Oh, and what was with the weird presidential tweet at the start of day oddly blaming John Podesta, Hillary’s campaign manager, for not inviting the FBI to look at the hacked DNC computers. As was pointed out, Podesta didn’t control those computers; the DNC did. Another master distracter effort, I suppose, just before Mr. Trump himself would mention, but not insist, to Mr. Russian that he was responsible for the hacks and please knock it off. Excuse me, Mr. President, but the Art of the Deal should include the idea that the negotiator actually believes in his own position.

Amid the handshakes and warmth, it might be hard to recognize that the U.S. Senate has voted to harden sanctions against Russia, that Europe is angry and afraid after Russian incursions into eastern Ukraine and the Crimea, that Russian fingerprints are all over the hacking of election databases and influence campaigns that continue.

On the other hand, there was nothing about Mr. Trump handing the Russians back their two spy centers on the Chesapeake. I suppose we should be glad about that.

The Washington Post acknowledged that Mr.

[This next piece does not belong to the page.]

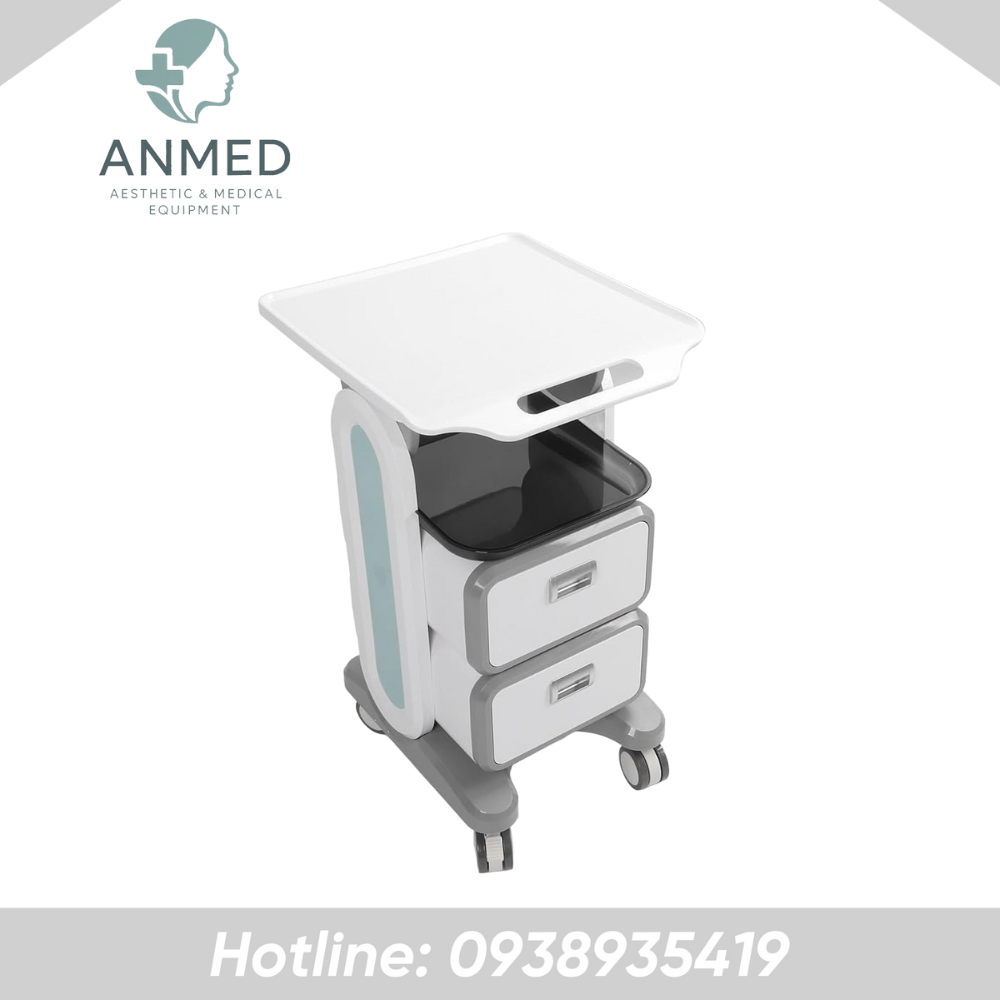 Kệ để máy cao cấp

Trump had pressed Putin on elections, but that on reflection, it didn’t sound all that hard of a press. “Tillerson said repeatedly that the meeting was about the future and not the past. “But I think what the two presidents — I think rightly — focused on is how we move forward,” he said. Later, he would add that Putin’s contention that Russian didn’t hack represented an “intractable disagreement” and said, “There was not a lot of re-litigating things from the past.

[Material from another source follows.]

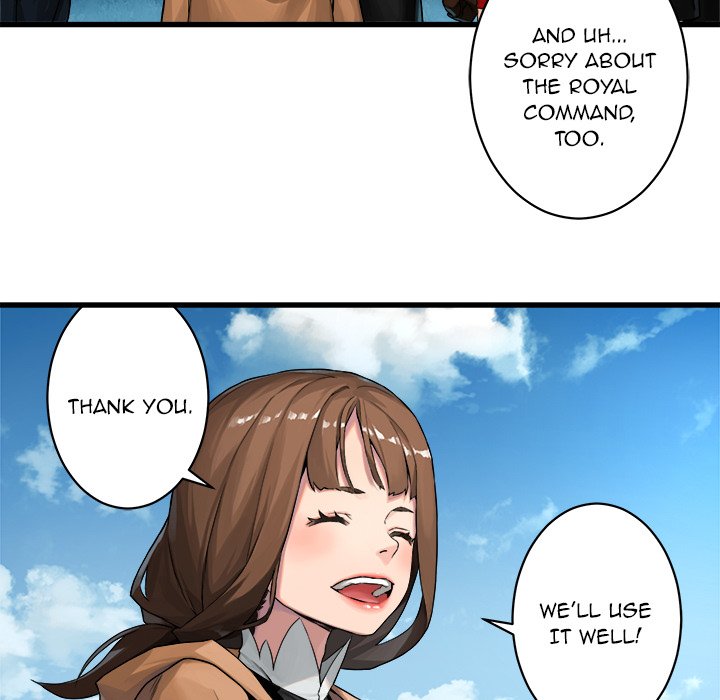 Read Her Summon Manga Online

On the whole, then, we have two men who like one another and want to work together, facts, legalisms and even practical politics notwithstanding. I suppose that is either bravado or some kind of political heroism. It is hard to hear the next conversation between people like Senators John McCain, Lindsay Graham, Bob Corker and others with the President. For that matter, does this mean that Mr. Trump will not sign the additional sanctions voted by the Senate?

As for Syria, The New York Times report said, “While such a step in Syria would be small, it appeared to reflect a desire by American and Russian officials to move past their tense flare-ups over the Syria conflict and facilitate a way to end the six-year civil war there. Moscow has been backing the government of President Bashar al-Assad of Syria while the United States has sought to aid opposition groups fighting to oust him. ‘I think this is our first indication of the U.S. and Russia being able to work together in Syria,’ Tillerson said.”

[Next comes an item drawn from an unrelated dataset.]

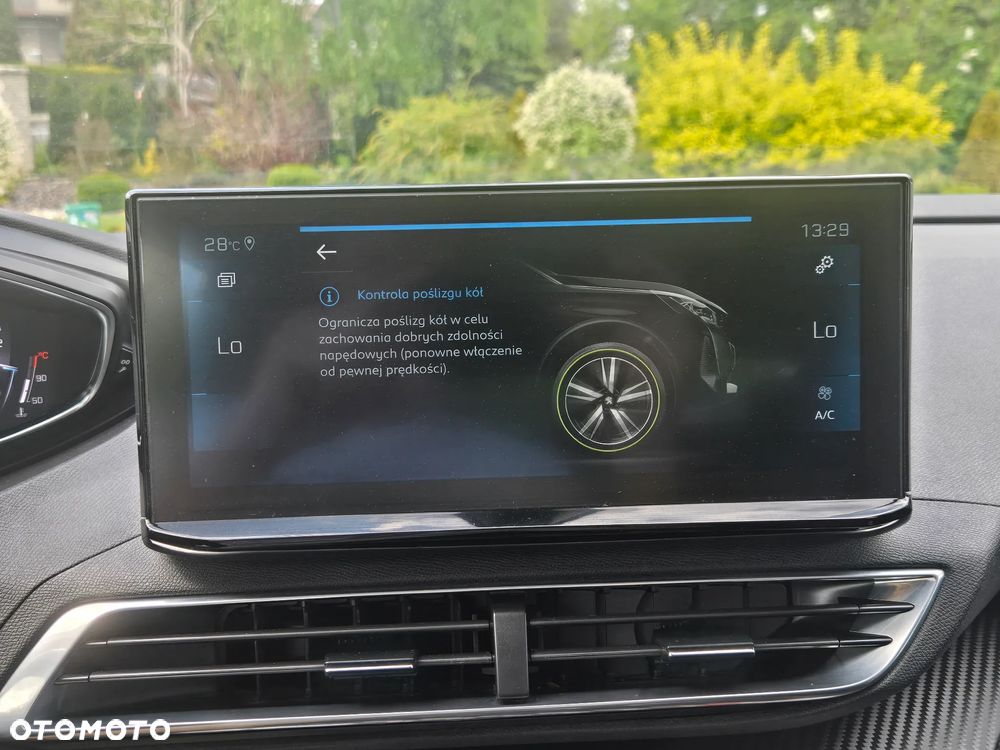 Peugeot 3008 PureTech 130 Stop & Start GPF Active - 30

This cease-fire, like others before it, may well fade after a couple of days, because no one at this table controls the players. And it is silent, as always, as to help for millions of refugees.

Meanwhile the rest of the G-20 meetings went on tepidly, and, again, one wonders what all the fuss has been when the results are a generalized agreement that terrorism is a globally shared target, and widespread agreement that there is disagreement among the world powers about pursuing and achieving the outcome of climate change. Those are the givens that had brought the leaders together.

Meanwhile, clamoring for attention for their generalized objections to world powers dictating anything, tens of thousands were in the streets of Hamburg again with a substantial number of violent clashes with police.

So, the world will go through another G-20 day today that will look much as yesterday, one with photo ops and bigger promises for greatness and cooperation and yet more intense street protests.

The much-hyped day has come and gone, and we’re still looking at a long list of issues that have not seemed, publicly at least, to have moved. Most of the issues I would like G-20 leaders to address, including shared hopes of prosperity, keeping the earth safe, addressing a widening income inequality and the ravages of poverty and refugees, seem not to make the top of the list — again.